- Data shown -
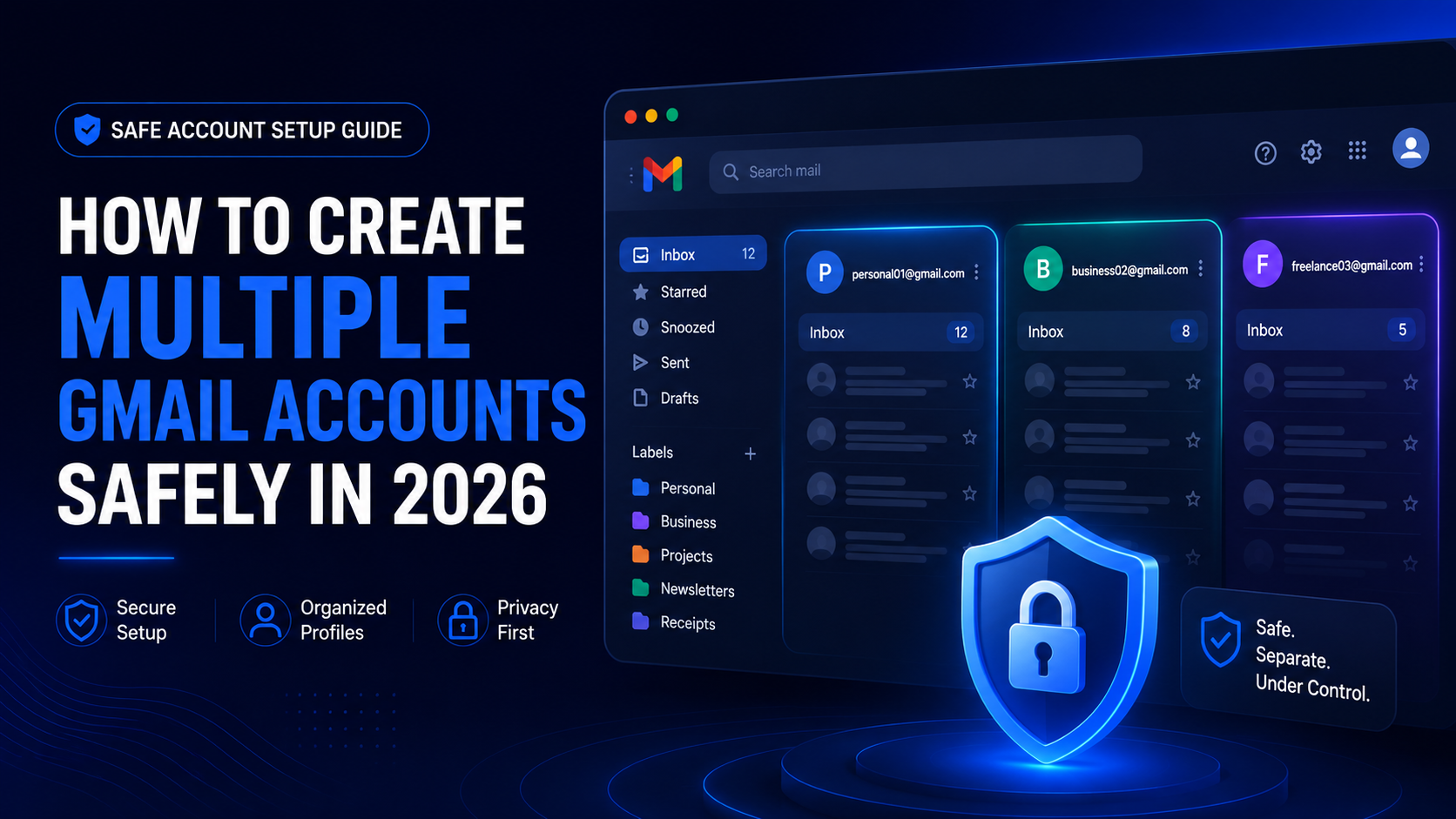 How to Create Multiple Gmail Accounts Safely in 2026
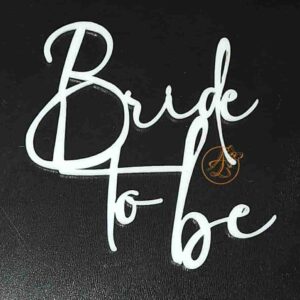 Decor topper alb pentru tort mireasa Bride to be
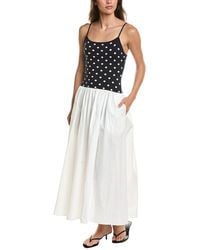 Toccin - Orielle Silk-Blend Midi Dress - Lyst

- Action item -
An exact copy of the listing above is to be set down, with no pictures in it.

- Exercise result -
 How to Create Multiple Gmail Accounts Safely in 2026
 Decor topper alb pentru tort mireasa Bride to be
 Toccin - Orielle Silk-Blend Midi Dress - Lyst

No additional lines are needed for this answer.